### Material to process

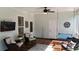 Comfortable screened porch with seating, TV, porch swing, and ceiling fan at 104 Waccamaw Dr, Summerville, SC 29485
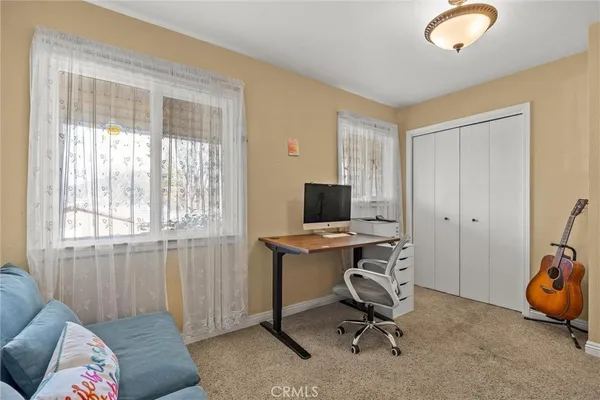 a view of a workspace with furniture and a window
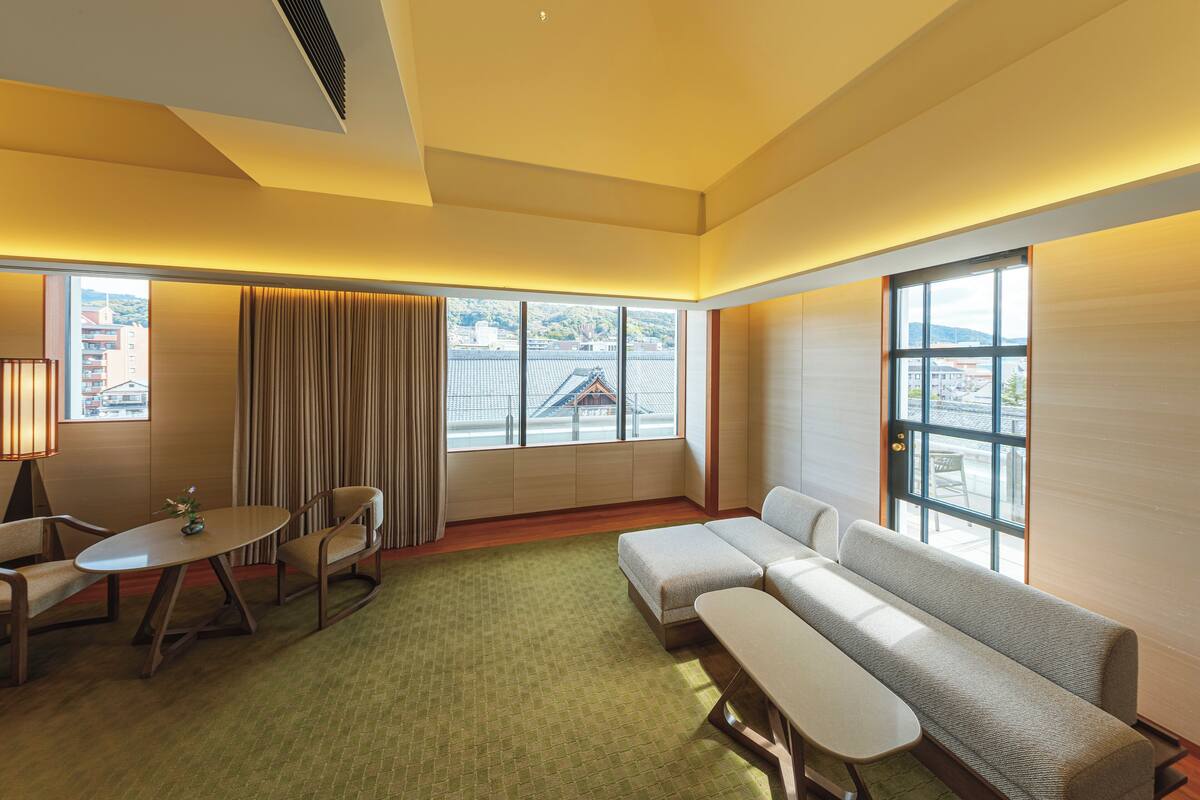 A modern hotel room with a green carpet, a sofa, a small table, and a window with curtains.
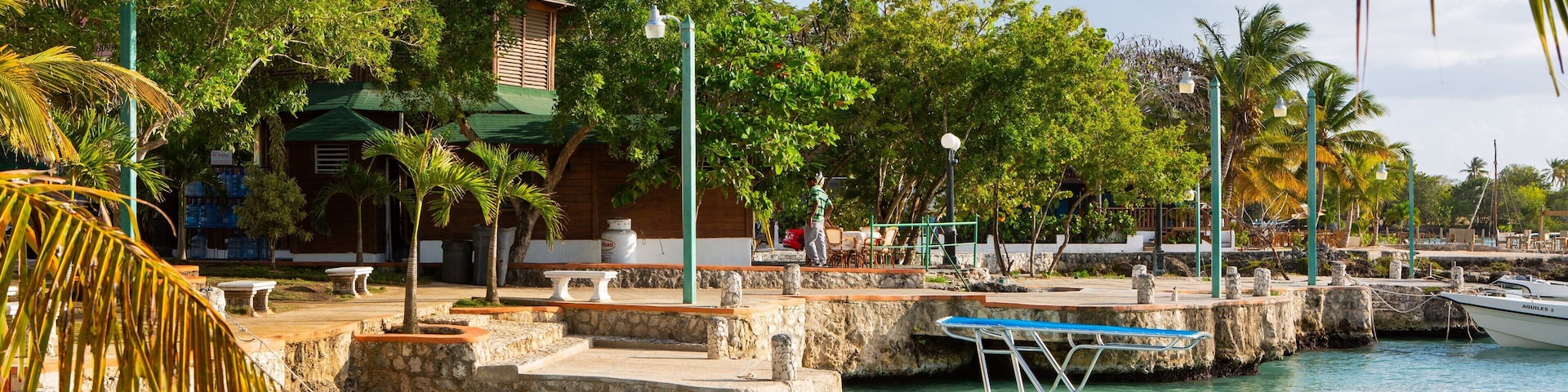 A marina with a white boat named 'Achina' docked, surrounded by palm trees and a building with a green roof.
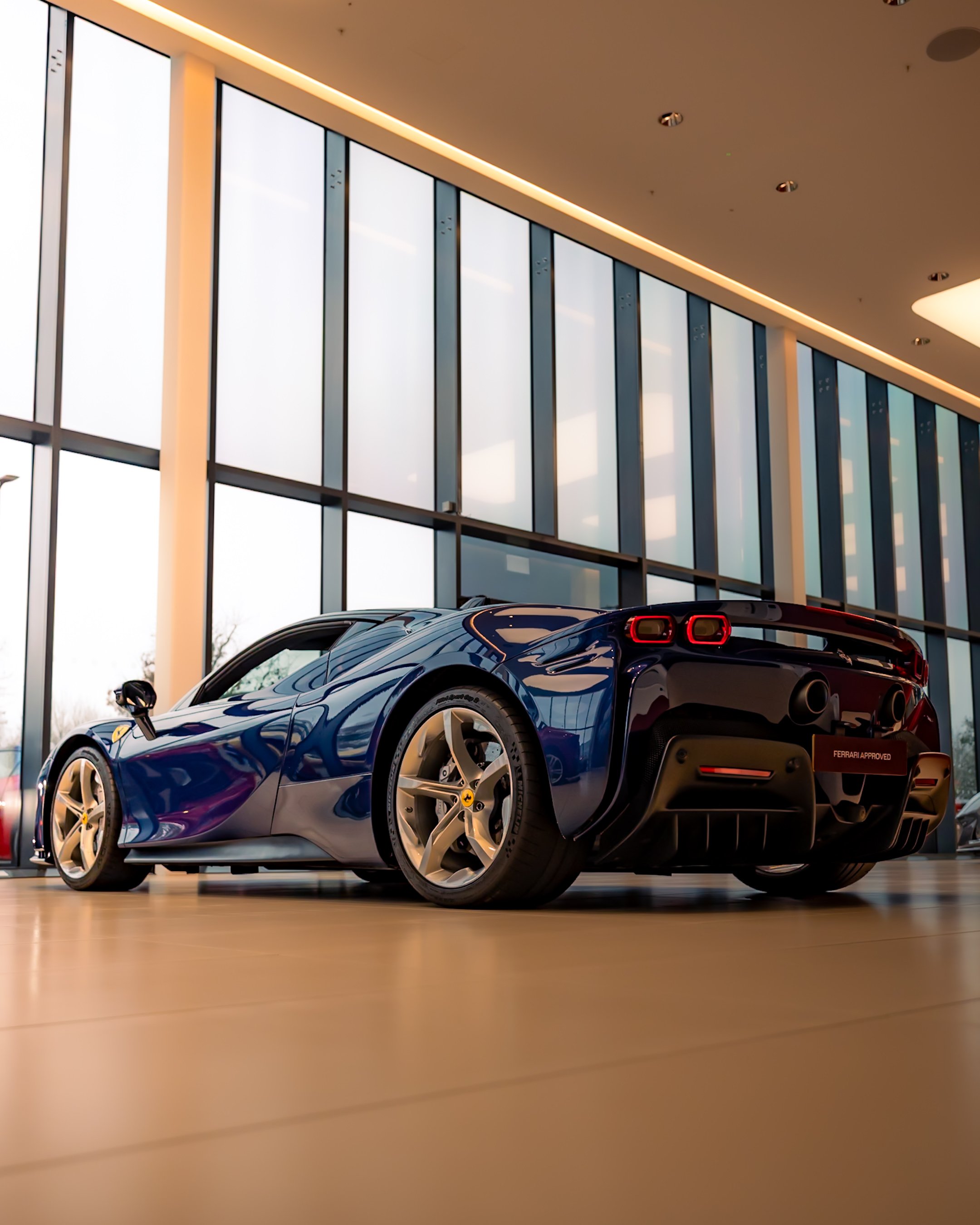 Blue sports car with sleek design showcased inside a modern showroom with large windows.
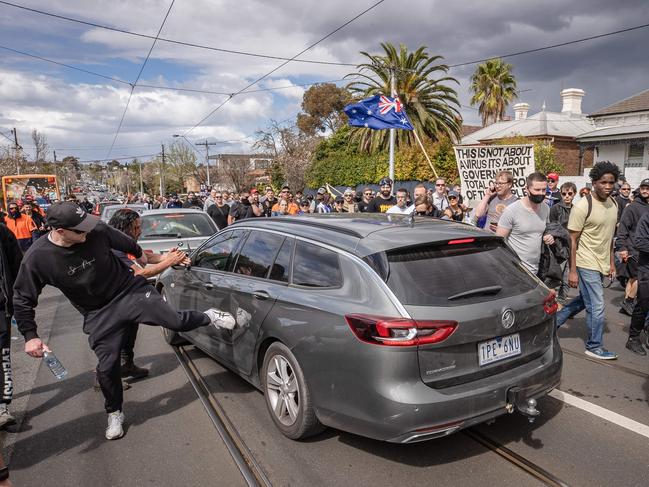 An anti-lockdown protester kicks an unmarked police vehicle in Richmond. Picture: Jason Edwards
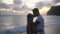 Lovers kissing at sunset on the beach, romantic evening in an exotic location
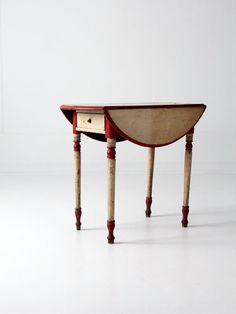 a small wooden table with two drawers on it's legs and an open drawer at the top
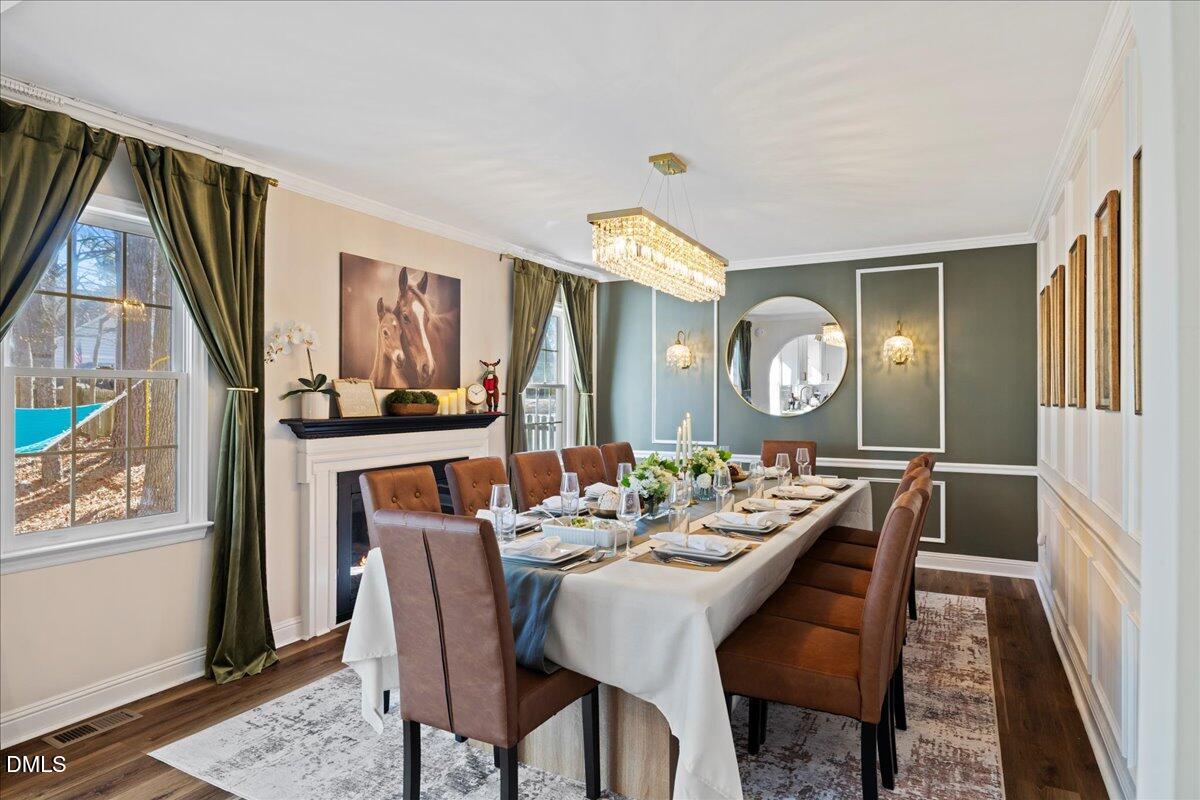 300 Pate Street Apex, NC 27502 - Photo 17 of 57 a view of a dining room and livingroom view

### Task goal
Type the entries again verbatim. Any pictures should be skipped.

### Reply to the exercise
 Comfortable screened porch with seating, TV, porch swing, and ceiling fan at 104 Waccamaw Dr, Summerville, SC 29485
 a view of a workspace with furniture and a window
 A modern hotel room with a green carpet, a sofa, a small table, and a window with curtains.
 A marina with a white boat named 'Achina' docked, surrounded by palm trees and a building with a green roof.
 Blue sports car with sleek design showcased inside a modern showroom with large windows.
 An anti-lockdown protester kicks an unmarked police vehicle in Richmond. Picture: Jason Edwards
 Lovers kissing at sunset on the beach, romantic evening in an exotic location
 a small wooden table with two drawers on it's legs and an open drawer at the top
 300 Pate Street Apex, NC 27502 - Photo 17 of 57 a view of a dining room and livingroom view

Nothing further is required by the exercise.